Start of INPUT FOR THIS TASK

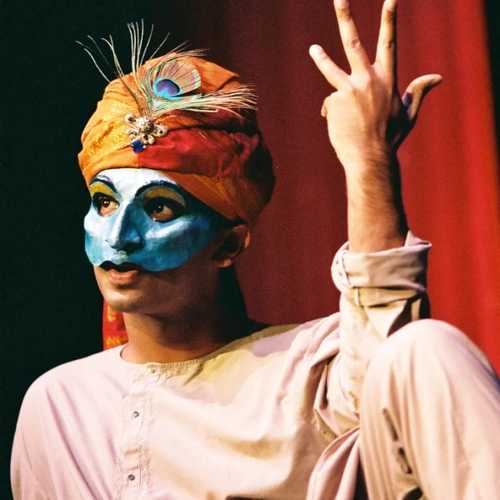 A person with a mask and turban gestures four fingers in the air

End of INPUT FOR THIS TASK
Start of INPUT FOR THIS TASK

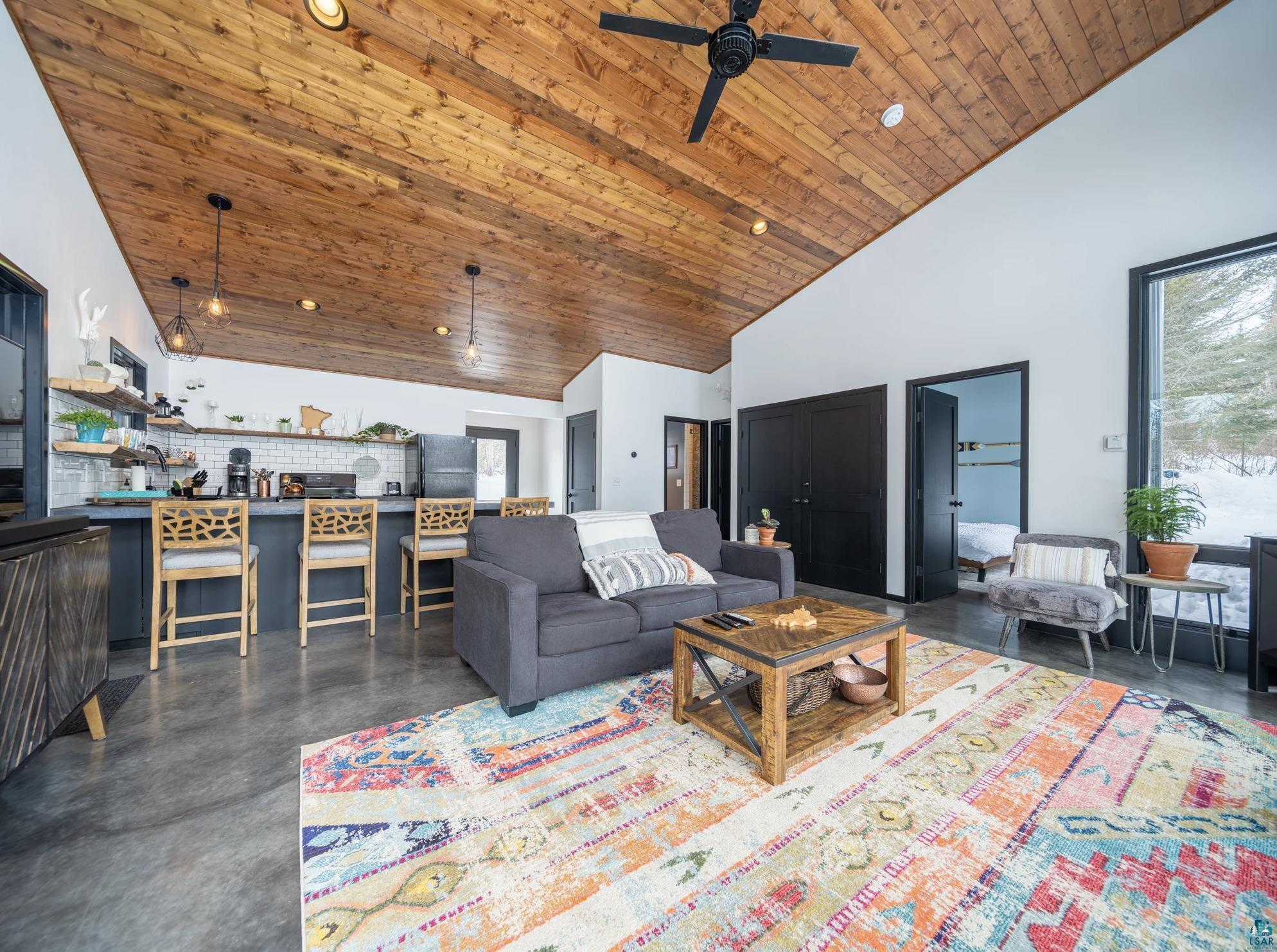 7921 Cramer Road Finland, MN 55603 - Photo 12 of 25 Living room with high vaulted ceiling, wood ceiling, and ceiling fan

End of INPUT FOR THIS TASK
Start of INPUT FOR THIS TASK

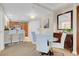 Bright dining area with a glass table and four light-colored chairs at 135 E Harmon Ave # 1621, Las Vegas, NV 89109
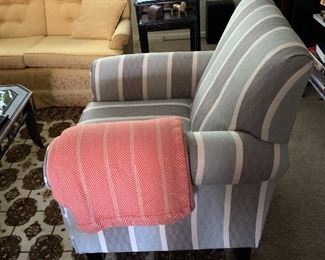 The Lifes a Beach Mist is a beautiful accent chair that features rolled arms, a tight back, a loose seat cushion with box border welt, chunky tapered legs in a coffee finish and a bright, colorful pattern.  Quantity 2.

End of INPUT FOR THIS TASK

## WORK ORDER
Give back exactly the lines above from the one with "Bright dining area" through the one with "The Lifes a", both included. Pictures don't belong in the copy.

## RESPONSE FOR THIS EXERCISE
 Bright dining area with a glass table and four light-colored chairs at 135 E Harmon Ave # 1621, Las Vegas, NV 89109
 The Lifes a Beach Mist is a beautiful accent chair that features rolled arms, a tight back, a loose seat cushion with box border welt, chunky tapered legs in a coffee finish and a bright, colorful pattern.  Quantity 2.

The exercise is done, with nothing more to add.